==== AVAILABLE DATA
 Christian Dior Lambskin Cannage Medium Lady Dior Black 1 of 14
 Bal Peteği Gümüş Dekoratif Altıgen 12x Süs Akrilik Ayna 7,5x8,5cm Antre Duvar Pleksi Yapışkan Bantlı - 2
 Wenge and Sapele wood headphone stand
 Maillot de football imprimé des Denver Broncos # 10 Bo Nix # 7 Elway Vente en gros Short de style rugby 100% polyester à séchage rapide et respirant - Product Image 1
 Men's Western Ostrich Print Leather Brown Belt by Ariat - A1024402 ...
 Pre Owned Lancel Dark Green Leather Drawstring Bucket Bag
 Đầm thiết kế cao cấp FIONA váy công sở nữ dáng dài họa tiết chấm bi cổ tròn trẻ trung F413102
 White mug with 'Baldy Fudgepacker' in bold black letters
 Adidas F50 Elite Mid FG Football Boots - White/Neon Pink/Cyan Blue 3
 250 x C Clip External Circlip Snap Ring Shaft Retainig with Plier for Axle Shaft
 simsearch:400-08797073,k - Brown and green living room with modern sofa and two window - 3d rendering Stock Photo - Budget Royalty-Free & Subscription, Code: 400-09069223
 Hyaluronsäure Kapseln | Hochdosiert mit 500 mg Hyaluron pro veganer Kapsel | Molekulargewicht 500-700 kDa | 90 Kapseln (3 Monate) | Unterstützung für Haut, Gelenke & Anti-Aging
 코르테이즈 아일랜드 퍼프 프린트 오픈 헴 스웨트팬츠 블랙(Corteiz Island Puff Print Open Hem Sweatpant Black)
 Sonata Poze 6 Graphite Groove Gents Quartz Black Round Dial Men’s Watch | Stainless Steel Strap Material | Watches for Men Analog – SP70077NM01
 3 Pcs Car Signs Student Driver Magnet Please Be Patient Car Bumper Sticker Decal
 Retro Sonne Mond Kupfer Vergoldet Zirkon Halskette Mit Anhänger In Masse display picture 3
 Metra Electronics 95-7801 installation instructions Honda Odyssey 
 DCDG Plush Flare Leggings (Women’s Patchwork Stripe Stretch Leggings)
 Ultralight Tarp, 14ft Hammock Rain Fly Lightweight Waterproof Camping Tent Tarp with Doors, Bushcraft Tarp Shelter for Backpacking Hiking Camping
========
All lines holding the word "Leather" must be copied from the data.

 Men's Western Ostrich Print Leather Brown Belt by Ariat - A1024402 ...
 Pre Owned Lancel Dark Green Leather Drawstring Bucket Bag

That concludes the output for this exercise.